Task brief.
Transcribe, without any alteration, only the lines that begin at the line containing "Velocity Road hand pump" and run to the last line below.

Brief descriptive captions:
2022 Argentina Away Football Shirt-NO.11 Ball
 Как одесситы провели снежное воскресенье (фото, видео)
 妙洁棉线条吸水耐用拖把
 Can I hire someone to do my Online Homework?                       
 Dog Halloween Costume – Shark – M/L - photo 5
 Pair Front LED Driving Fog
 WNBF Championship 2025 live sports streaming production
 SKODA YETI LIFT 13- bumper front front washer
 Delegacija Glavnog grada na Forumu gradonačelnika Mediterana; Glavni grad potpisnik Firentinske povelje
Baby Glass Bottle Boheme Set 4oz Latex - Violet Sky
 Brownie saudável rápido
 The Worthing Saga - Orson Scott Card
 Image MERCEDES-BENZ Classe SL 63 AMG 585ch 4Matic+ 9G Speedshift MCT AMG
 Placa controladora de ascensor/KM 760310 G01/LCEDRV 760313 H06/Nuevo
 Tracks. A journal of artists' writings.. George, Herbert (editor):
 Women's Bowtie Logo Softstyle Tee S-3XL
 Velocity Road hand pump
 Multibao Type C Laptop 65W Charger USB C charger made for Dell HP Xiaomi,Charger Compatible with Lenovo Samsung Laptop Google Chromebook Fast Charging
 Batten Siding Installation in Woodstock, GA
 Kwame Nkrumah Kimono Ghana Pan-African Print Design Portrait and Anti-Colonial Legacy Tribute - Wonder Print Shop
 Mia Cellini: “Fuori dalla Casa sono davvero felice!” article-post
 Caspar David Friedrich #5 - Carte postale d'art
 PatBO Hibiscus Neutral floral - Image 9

Answer space.
 Velocity Road hand pump
 Multibao Type C Laptop 65W Charger USB C charger made for Dell HP Xiaomi,Charger Compatible with Lenovo Samsung Laptop Google Chromebook Fast Charging
 Batten Siding Installation in Woodstock, GA
 Kwame Nkrumah Kimono Ghana Pan-African Print Design Portrait and Anti-Colonial Legacy Tribute - Wonder Print Shop
 Mia Cellini: “Fuori dalla Casa sono davvero felice!” article-post
 Caspar David Friedrich #5 - Carte postale d'art
 PatBO Hibiscus Neutral floral - Image 9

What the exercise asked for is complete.